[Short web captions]
^^^^

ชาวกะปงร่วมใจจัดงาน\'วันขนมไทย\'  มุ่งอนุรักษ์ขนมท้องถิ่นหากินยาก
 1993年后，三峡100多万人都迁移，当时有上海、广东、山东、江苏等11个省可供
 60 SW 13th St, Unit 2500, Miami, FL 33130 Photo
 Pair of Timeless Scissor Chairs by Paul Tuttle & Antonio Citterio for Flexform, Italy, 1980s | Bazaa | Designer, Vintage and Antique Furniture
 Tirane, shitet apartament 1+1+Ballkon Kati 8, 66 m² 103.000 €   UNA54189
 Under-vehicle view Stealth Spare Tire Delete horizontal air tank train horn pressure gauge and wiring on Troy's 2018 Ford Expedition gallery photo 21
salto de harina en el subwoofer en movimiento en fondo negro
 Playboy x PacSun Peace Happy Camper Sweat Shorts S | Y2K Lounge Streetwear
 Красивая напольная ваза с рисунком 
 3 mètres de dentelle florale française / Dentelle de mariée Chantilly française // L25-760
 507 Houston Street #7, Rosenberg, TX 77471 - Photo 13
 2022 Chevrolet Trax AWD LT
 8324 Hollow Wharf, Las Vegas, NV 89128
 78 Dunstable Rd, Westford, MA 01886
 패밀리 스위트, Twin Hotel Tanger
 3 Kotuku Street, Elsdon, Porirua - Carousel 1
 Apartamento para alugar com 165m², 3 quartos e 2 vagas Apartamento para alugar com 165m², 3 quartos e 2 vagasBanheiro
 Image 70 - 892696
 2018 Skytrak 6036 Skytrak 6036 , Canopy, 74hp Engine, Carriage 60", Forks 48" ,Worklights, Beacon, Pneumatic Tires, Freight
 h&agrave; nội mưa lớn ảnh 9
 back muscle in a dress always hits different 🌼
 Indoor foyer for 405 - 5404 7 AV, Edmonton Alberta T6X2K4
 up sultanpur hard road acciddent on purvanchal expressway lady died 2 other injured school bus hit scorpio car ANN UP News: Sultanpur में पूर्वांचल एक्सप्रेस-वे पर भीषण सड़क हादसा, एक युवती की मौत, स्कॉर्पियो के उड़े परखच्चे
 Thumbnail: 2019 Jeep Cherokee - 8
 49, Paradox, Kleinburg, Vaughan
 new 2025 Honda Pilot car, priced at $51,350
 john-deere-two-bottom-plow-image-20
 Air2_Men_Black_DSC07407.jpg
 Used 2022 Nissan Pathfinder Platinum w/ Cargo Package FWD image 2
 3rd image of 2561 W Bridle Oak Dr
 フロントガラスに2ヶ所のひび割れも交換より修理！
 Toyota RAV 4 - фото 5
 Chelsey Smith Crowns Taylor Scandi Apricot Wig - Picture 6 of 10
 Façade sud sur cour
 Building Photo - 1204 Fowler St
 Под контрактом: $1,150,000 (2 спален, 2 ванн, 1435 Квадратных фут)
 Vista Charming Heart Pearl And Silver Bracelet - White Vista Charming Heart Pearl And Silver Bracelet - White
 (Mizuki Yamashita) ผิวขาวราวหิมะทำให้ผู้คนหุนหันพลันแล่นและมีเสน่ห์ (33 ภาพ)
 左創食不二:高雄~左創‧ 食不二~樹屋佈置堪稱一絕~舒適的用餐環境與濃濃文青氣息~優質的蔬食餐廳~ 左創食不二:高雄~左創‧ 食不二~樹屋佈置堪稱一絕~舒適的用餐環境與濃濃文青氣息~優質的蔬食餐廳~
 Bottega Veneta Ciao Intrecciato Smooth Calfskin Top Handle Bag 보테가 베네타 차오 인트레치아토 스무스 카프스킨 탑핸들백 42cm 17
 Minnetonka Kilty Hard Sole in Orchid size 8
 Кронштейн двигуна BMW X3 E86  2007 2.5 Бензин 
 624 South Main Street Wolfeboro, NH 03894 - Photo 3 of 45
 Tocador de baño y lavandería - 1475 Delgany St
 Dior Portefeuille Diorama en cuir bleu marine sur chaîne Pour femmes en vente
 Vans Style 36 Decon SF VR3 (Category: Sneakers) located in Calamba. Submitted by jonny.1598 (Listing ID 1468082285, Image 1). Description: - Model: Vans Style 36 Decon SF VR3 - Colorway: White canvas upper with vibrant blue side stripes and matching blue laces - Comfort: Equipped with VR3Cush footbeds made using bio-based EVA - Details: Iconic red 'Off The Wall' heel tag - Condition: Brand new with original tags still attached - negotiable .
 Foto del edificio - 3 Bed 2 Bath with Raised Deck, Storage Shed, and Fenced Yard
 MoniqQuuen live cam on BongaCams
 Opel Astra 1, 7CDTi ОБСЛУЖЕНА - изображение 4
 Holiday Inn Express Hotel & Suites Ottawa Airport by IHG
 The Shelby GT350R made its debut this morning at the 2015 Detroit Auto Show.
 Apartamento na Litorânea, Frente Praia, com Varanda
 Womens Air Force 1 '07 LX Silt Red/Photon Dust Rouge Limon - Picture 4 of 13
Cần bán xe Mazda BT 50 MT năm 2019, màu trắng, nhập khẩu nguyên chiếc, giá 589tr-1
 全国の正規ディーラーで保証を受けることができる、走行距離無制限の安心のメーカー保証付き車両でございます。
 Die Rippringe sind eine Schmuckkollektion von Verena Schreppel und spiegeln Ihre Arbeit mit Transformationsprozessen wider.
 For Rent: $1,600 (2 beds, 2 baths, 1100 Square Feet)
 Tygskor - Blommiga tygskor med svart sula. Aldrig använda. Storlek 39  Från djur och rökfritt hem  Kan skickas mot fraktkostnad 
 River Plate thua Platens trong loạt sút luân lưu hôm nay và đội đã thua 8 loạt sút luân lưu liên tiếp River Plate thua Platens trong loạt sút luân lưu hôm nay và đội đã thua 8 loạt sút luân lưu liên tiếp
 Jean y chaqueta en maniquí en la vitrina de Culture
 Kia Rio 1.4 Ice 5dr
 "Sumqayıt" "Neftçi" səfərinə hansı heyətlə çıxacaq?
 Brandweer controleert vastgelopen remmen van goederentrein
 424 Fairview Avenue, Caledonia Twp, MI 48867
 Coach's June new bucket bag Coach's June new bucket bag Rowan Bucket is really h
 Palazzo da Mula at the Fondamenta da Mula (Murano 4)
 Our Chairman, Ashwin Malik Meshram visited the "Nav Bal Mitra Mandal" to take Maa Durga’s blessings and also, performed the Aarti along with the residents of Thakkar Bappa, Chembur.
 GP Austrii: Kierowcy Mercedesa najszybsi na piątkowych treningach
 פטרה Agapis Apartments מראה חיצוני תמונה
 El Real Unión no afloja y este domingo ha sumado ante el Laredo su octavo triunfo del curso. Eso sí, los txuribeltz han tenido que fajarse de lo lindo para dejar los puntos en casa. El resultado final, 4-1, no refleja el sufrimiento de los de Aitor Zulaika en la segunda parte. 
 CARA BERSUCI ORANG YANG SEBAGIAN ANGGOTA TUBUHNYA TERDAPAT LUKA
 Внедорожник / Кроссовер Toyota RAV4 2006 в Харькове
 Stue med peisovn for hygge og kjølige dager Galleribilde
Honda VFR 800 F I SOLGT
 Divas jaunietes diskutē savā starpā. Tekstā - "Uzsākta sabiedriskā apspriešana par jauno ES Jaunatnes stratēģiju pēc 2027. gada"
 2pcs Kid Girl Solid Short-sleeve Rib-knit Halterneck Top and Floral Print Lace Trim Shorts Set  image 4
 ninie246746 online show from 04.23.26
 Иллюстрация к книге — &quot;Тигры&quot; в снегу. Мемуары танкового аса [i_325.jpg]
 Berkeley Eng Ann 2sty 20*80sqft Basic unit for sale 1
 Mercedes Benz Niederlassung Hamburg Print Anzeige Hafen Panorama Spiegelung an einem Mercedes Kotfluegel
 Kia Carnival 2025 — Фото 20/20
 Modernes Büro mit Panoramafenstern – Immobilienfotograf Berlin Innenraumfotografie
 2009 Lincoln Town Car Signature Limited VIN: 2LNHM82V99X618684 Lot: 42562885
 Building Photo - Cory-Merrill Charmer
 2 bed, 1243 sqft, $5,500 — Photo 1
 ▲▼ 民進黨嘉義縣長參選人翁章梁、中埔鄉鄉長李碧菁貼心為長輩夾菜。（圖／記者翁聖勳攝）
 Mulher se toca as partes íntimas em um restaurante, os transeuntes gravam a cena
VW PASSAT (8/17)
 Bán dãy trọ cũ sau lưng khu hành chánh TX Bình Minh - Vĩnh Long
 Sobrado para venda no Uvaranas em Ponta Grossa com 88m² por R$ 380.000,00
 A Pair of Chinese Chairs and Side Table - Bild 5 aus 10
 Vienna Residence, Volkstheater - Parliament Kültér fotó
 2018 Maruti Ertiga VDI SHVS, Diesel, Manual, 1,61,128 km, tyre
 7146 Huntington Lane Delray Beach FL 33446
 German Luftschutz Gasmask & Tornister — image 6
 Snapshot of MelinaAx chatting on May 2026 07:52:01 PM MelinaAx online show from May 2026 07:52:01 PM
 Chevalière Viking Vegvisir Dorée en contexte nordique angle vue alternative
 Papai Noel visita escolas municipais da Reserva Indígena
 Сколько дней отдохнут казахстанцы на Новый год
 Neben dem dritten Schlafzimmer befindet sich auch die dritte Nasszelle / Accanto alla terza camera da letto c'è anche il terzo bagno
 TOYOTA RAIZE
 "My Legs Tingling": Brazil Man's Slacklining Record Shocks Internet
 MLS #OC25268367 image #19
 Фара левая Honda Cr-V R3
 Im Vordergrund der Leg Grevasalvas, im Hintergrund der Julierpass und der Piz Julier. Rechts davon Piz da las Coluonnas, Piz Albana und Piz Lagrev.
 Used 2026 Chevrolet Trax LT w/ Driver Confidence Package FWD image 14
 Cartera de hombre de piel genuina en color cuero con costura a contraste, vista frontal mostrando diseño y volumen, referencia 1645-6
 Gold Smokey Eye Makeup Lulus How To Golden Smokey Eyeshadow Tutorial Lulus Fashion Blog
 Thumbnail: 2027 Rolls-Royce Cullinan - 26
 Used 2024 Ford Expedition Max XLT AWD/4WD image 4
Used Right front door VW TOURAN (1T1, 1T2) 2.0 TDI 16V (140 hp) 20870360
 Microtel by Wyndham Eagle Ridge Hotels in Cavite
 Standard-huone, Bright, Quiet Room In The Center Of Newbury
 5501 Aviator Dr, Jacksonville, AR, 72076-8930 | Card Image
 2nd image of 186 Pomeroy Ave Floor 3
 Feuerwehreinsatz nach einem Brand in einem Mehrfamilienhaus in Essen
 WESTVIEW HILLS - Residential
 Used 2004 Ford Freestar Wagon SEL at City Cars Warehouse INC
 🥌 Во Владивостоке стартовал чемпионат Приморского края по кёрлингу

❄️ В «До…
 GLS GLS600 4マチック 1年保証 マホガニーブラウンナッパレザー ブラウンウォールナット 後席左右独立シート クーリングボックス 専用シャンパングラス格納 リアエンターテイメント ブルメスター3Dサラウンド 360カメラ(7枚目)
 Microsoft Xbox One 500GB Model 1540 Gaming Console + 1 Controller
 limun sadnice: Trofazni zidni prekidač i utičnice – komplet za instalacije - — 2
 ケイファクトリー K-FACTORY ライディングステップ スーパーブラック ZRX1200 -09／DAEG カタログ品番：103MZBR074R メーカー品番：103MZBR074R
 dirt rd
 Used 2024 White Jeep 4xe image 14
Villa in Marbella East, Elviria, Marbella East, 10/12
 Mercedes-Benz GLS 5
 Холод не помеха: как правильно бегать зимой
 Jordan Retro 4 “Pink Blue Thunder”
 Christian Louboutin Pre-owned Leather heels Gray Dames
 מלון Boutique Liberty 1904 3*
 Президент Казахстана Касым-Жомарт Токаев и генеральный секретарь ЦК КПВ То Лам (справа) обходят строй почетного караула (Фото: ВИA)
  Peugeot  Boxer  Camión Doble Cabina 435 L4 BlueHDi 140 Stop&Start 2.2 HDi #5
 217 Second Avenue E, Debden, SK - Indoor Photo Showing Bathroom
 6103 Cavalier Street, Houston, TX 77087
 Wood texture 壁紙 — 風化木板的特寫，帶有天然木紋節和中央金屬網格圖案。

^^^^

▶ [THE PROBLEM]: Would you please copy exactly the part of the entries above that begins at the line containing "Vista Charming Heart Pearl And Silver Bracelet - White Vista" and ends at the line containing "624 South Main", both lines included?

▶ [SOLUTION]:
 Vista Charming Heart Pearl And Silver Bracelet - White Vista Charming Heart Pearl And Silver Bracelet - White
 (Mizuki Yamashita) ผิวขาวราวหิมะทำให้ผู้คนหุนหันพลันแล่นและมีเสน่ห์ (33 ภาพ)
 左創食不二:高雄~左創‧ 食不二~樹屋佈置堪稱一絕~舒適的用餐環境與濃濃文青氣息~優質的蔬食餐廳~ 左創食不二:高雄~左創‧ 食不二~樹屋佈置堪稱一絕~舒適的用餐環境與濃濃文青氣息~優質的蔬食餐廳~
 Bottega Veneta Ciao Intrecciato Smooth Calfskin Top Handle Bag 보테가 베네타 차오 인트레치아토 스무스 카프스킨 탑핸들백 42cm 17
 Minnetonka Kilty Hard Sole in Orchid size 8
 Кронштейн двигуна BMW X3 E86  2007 2.5 Бензин 
 624 South Main Street Wolfeboro, NH 03894 - Photo 3 of 45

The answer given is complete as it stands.